I couldn't see any advantages of sending my kids to nursery- all their needs were being met without that environment.

Thenneverendingstorohree · 15/09/2020 21:11

@speakout
Yes I agree. Having seen many children come into reception over the years, it is the quality of their environment (home or childcare) that made the difference. At that age language development is crucial and to a very large degree that’s about the adult interactions the child has rather than peers. That’s not to say childcare is bad at all. But some of the brightest children I’ve taught have been the children of bright women who are SAHMs who talk to their children. Nursery isn’t essential for development by any means.

monsterad · 15/09/2020 21:14

[quote Thenneverendingstorohree]@speakout
Yes I agree. Having seen many children come into reception over the years, it is the quality of their environment (home or childcare) that made the difference. At that age language development is crucial and to a very large degree that’s about the adult interactions the child has rather than peers. That’s not to say childcare is bad at all. But some of the brightest children I’ve taught have been the children of bright women who are SAHMs who talk to their children. Nursery isn’t essential for development by any means.[/quote]
Phew!

OP posts:
anarr · 15/09/2020 21:22

My DD will be starting reception next year and she's just started going 3 days a week. She's only been going since last week but she's doing well, she's not behind, she is a little shy and the first drop off was difficult but I'm not sure going from a younger age would have made any difference

whirlwindwallaby · 15/09/2020 21:23

Mine went to a childminder from 20 months, and playgroups, no nursery. I looked at nurseries but the childminder was a better fit at the time, then he was happy so I didn't see the need to move him. He settled in fine at school as one of the youngest in the year.

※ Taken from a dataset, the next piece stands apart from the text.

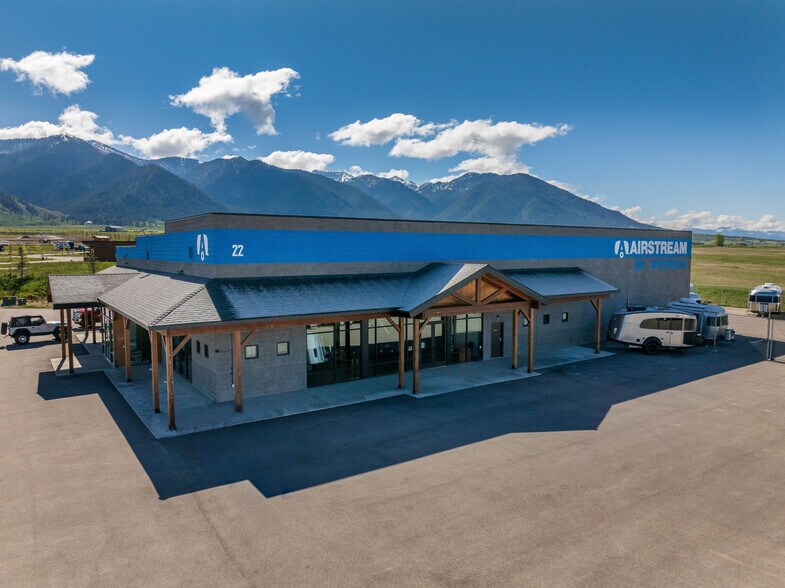 More Photos Of 22 Rorke rd, Etna General Retail For Sale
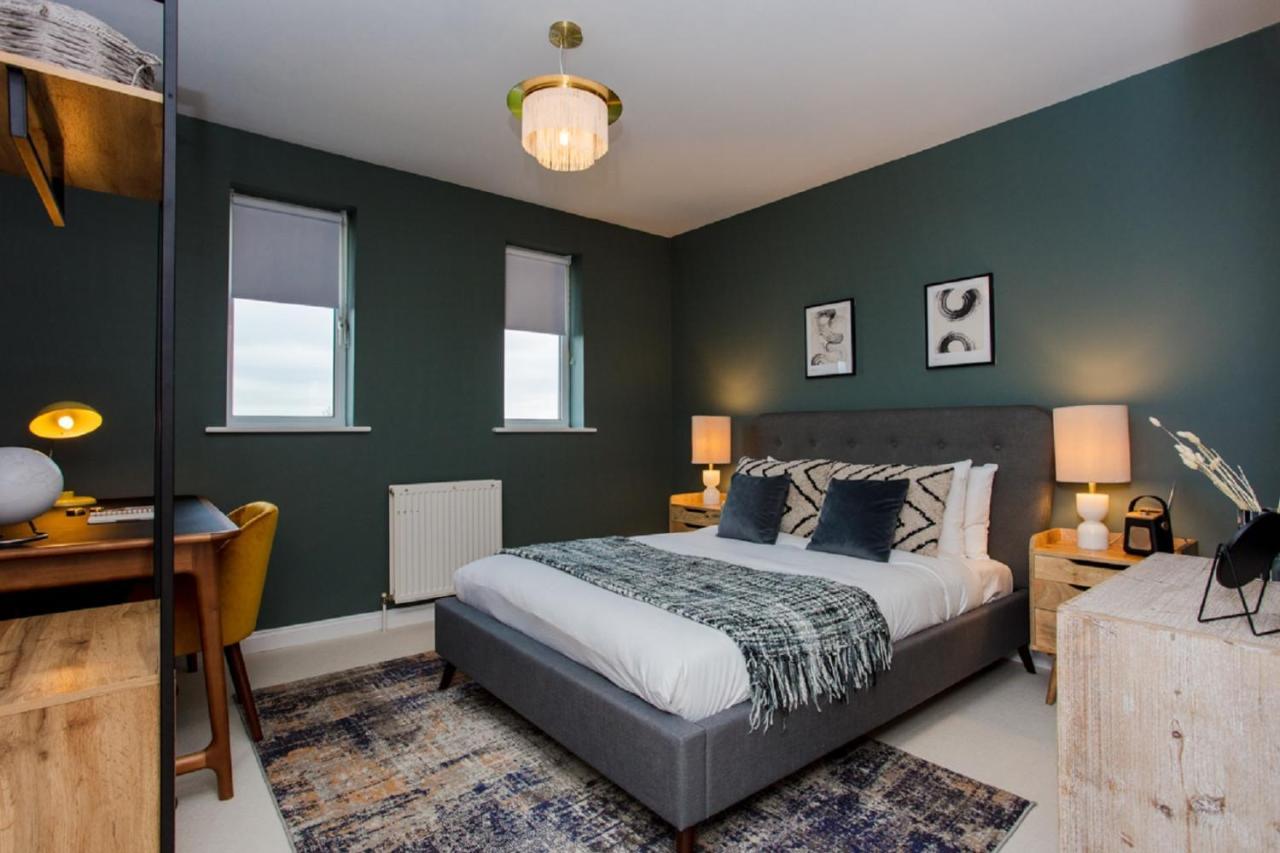 The Sparkford Gardens - Lovely 2bdr With Balcony * Londen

wuickquestion · 15/09/2020 22:23

3 will be fine. Sort of depends when your child's birthday is. One school year of preschool would work, so sept - July before they start school.

Onceuponatimethen · 15/09/2020 22:27

My dds both went part time from 3.5 and I think that is absolutely fine. It’s good to have a nursery year before school but mine started mornings only two days a week and we built up over the year.